Bonning legte seine Affenstirn in nachdenkliche Falten. »Vielleicht weil er verrückt war?«

»Möglich, Boner, aber mit dieser Antwort bist du immer noch nicht für die zweite Runde des Spielchens Führ-die-Bullen-hinters-Licht qualifiziert.«

Es dauerte ungefähr dreißig Sekunden, bis er dämlich grinste. »Witzig. Wirklich witzig, Dallas.«

»Ja, ich habe bereits erwogen, mich nebenberuflich als Komikerin zu versuchen. Aber, um auf meinen Hauptberuf zurückzukommen, ihr beiden habt in deinem tragbaren Labor in der Avenue D irgendwelche Erotika zusammengebraut, und urplötzlich kam Renekee - verrückt, wie er nun einmal war - auf die glorreiche Idee, durch das geschlossene Fenster zu springen, zwölf Stockwerke tiefer auf dem Dach eines Taxis aufzuschlagen, dadurch dem auf der Rückbank sitzenden Touristenpaar aus Topeka einen Heidenschrecken einzujagen, und schließlich sein Hirn auf der Straße zu verspritzen.«

»Mann, war das ein Aufprall«, erklärte Bonning mit einem beinahe ehrfürchtigen Lächeln. »Wer hätte das gedacht.«

Sie hatte nicht die Absicht, ihn wegen vorsätzlichen Mordes dranzukriegen, und wäre bereits zufrieden, liefe die ganze Sache nach Verhandlung mit dem Pflichtverteidiger auf Totschlag hinaus. Drogendealer, die einander an die Gurgel gingen, entlockten Justitia nicht einmal ein erwartungsfrohes Schmunzeln. Sicher säße er wegen des Handels mit illegalen Drogen länger als wegen der von ihm begangenen Tötung. Selbst, wenn man beides zusammennähme, wanderte er bestimmt nicht länger als drei Jahre in den Kahn.

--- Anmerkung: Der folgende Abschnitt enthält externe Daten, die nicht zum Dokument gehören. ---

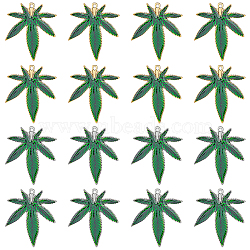 SUPERFINDINGS 16Pcs 2 Colors Alloy Enamel Pendants, Pot Leaf/Hemp Leaf Shape, Green, Antique Silver & Antique Golden, 39x33.5x2.5mm, Hole: 1.8mm, 8pcs/color(FIND-FH0007-51)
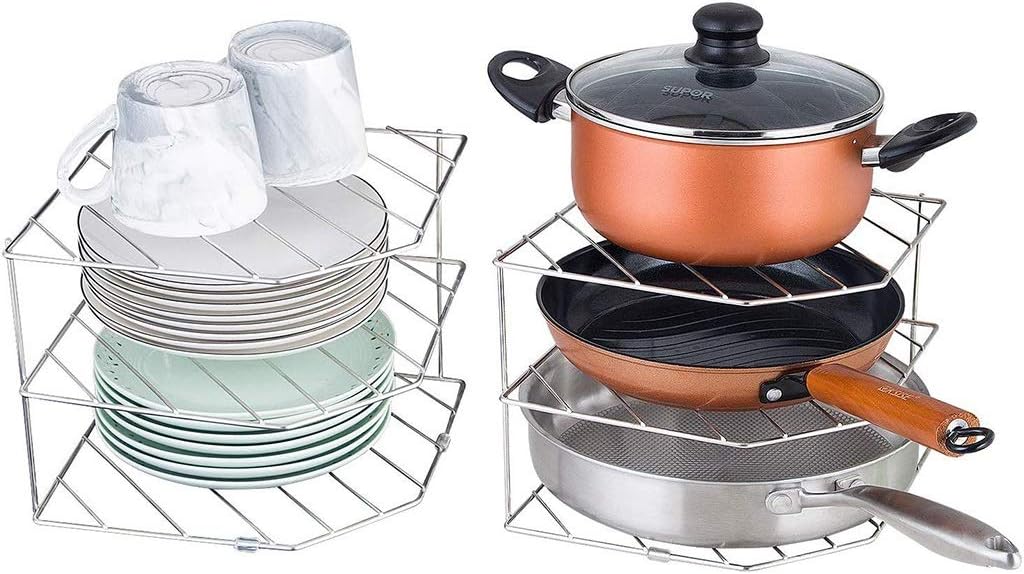 3-Tier Stainless Steel Corner Shelf - SUS304 Kitchen Organizer, Space-Saving Plate Rack for Counter & Cabinet, Durable & Stylish Storage Solution (1 Pack, Color A)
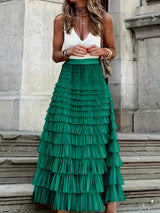 skirts : Jupe Longue Femme Tulle in Vert van Seroa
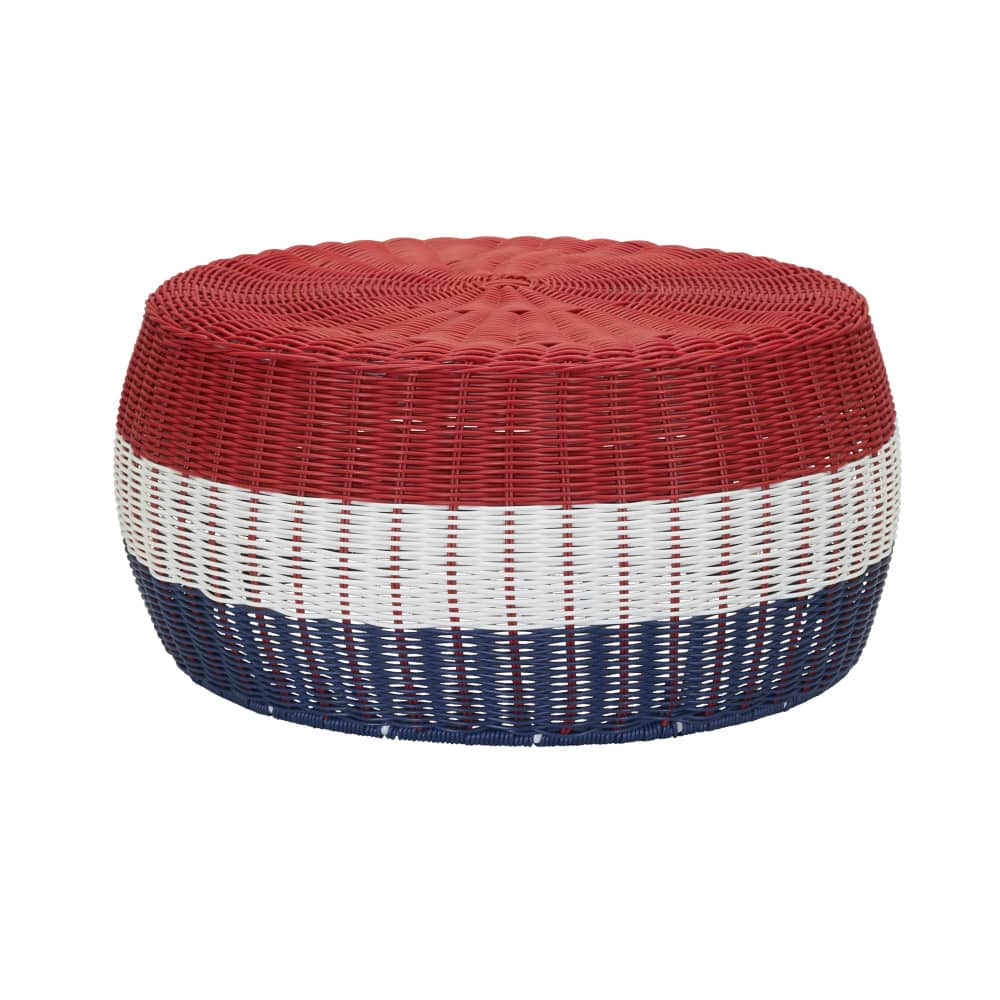 Household Essentials 9" Metal Woven Storage Ottoman
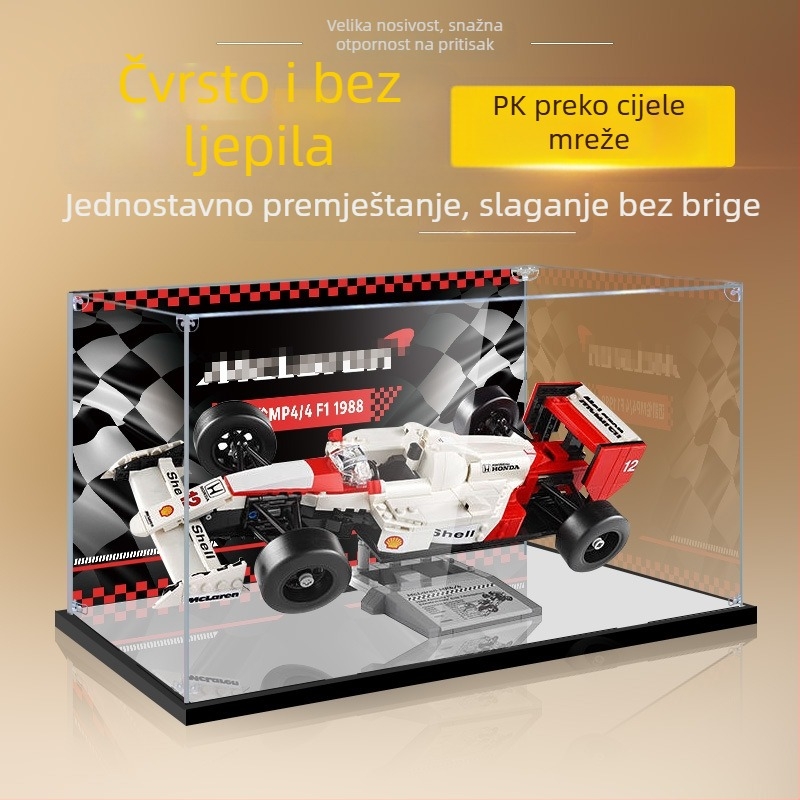 Prozirna akrilna izložbena kutija s poklopcem za prašinu za model građevinskog bloka 10330 McLaren MP4/4 i Ayrton Senna
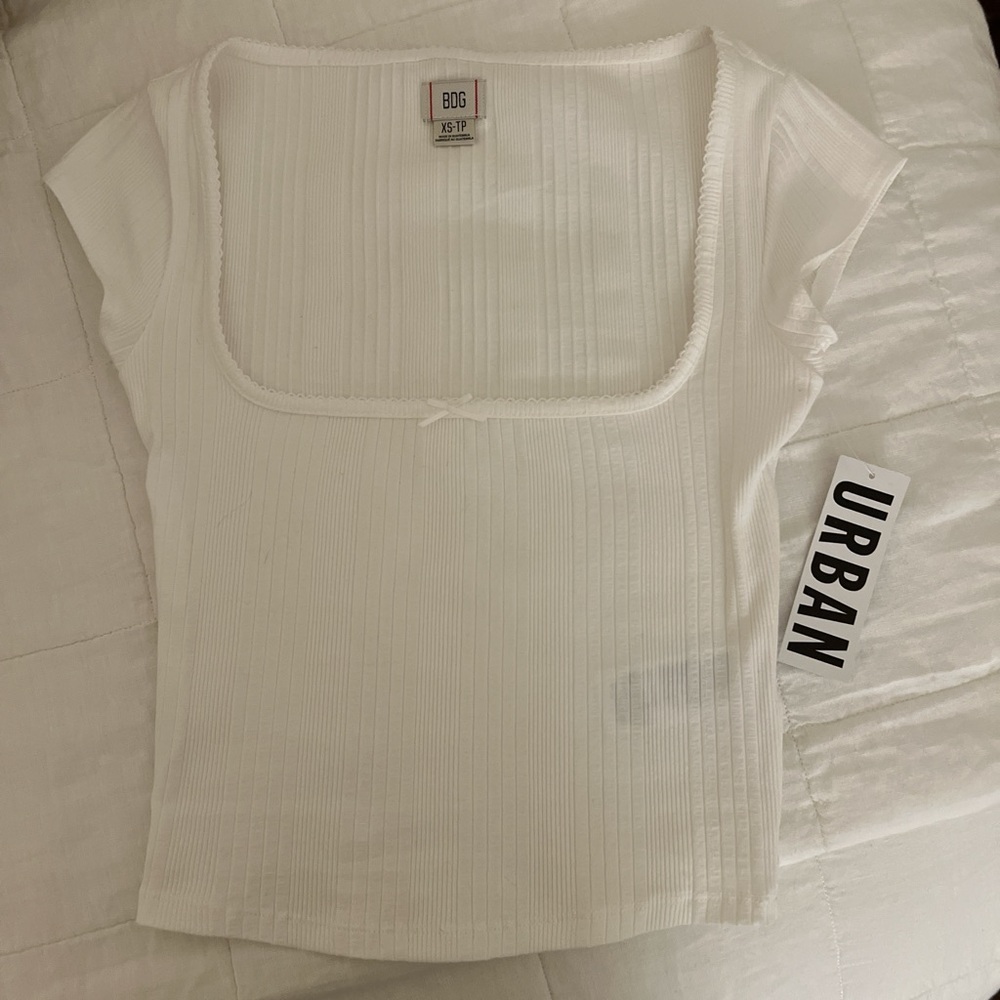 Urban Outfitters Olivia square neck top with bow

Sie kreuzte die Arme auf den Tisch und beugte sich nach vorn. »Boner, sehe ich vielleicht dumm aus?«

Bonning, der die Frage ernst nahm, sah ihr ins Gesicht. Sie hatte große braune Augen, doch ihr Blick war alles andere als weich, und auch ihr hübscher, voller Mund drückte statt warmer Sanftmut kühle Härte aus. »Wie ein Bulle«, stieß er schließlich widerstrebend aus.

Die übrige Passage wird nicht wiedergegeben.